FEDERICA PACELLA
Cronaca

Matrimoni combinati: "Comunità chiuse, miscela esplosiva"

Rupy Mavi, di origini indiane è un esempio di integrazione: "Il caso di Saman mi ha scioccata. I matrimoni combinati saranno il 70%"

Rupy Mavi, 27 anni, nata a Brescia da genitori indiani

Chiari (Brescia) - «Scusa se ti chiamo solo a quest’ora, siamo alle prese con la chiusura dei bilanci, un periodaccio". Sono le 19, la voce dall’altra parte del telefono è quella di Rupy Mavi, 27 anni, nata a Brescia da genitori indiani, arrivati dal Punjab negli anni ‘80, cresciuta a Chiari, in Franciacorta, prima italiana di origini indiane ad essersi iscritta all’albo dei commercialisti, premiata anche dal Comune di Brescia come esempio di integrazione. "Sono poche le ragazze come me che diventano professioniste – racconta – credo ce ne siano un paio iscritte all’albo degli avvocati. Nella comunità indiana c’è ancora questo fattore culturale per cui, giunti ad una certa età, una ragazza deve pensare al matrimonio". Anche combinato? "Il caso di Saman mi ha scioccata – racconta dopo una breve pausa – purtroppo di matrimoni combinati ce ne sono anche nella comunità indiana. Conosco ragazzi della mia età che si sposano con persone mai viste prima, solo perché consigliate dalle famiglie. Non esiste ancora un’associazione che possa dare dati reali in base alle aree territoriali, ma credo che in Lombardia siamo sul 70%, percentuale in calo perché oggi i ragazzi riescono a far piacere il partner ai genitori. Per non parlare dei matrimoni intercasta. Per me sono cose fuori dal mondo". Casi come quello di Saman (pakistana, ma Mavi sottolinea che il terreno culturale è analogo) creano smarrimento.

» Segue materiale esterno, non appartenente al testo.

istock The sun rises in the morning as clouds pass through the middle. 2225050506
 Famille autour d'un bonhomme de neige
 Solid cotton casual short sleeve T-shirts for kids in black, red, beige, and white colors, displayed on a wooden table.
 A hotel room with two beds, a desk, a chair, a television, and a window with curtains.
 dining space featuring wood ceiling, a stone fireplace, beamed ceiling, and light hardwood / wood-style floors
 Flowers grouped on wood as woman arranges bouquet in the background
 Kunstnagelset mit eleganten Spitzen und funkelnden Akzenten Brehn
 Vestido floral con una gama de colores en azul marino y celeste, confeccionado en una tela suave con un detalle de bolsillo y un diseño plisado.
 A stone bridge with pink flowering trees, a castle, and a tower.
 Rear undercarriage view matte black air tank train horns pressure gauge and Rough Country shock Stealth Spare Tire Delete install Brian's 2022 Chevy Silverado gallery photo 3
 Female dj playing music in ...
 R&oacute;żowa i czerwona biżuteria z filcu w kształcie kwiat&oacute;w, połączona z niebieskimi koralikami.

"Questi omicidi - racconta – secondo me maturano quando le comunità sono chiuse. Si formano dei “ghetti“, in cui poi si ha paura del giudizio degli altri, e questo genera una spirale molto pericolosa, in cui anche una madre può pensare che sia giusto punire il disonore". Mavi ha avuto dalla sua una famiglia che l’ha supportata, ma ricorda bene la difficoltà vissuta da adolescente. "C’è stato un momento in cui ho sofferto molto – ricorda - avevo 17 anni e nessun punto di riferimento. Per questo oggi, nel mio piccolo, cerco di aiutare le altre ragazze di seconda, terza generazione. Vedo ragazze che soffrono, che vorrebbero raggiungere un altro standard che sembra impossibile perché vivono in una sorta di terrorismo mentale". Qualche esempio? "Una ragazzina, non veniva più a scuola. Il padre sosteneva che fosse una sua libera scelta, ma si è scoperto che era proprio lui ad averglielo vietato". Non tutte hanno il coraggio di ribellarsi, a volte neanche la consapevolezza di poterlo fare. "Temo che dopo il lockdown sia sempre peggio. Ho visto tante ragazze che prima volevano andare all’università, mentre ora hanno deciso di restare a casa. E vedo ragazzi della mia età, che fanno ragionamenti che mi mettono la pelle d’oca". Che fare, quindi? "Deve cambiare il modo di concepire il ruolo della donna in queste comunità. Le istituzioni italiane stanno facendo molto. Si potrebbero introdurre degli strumenti che aiutino le donne indiane a fare percorsi per l’indipendenza. Sono convinto che questo avrebbe benefici anche per le figlie".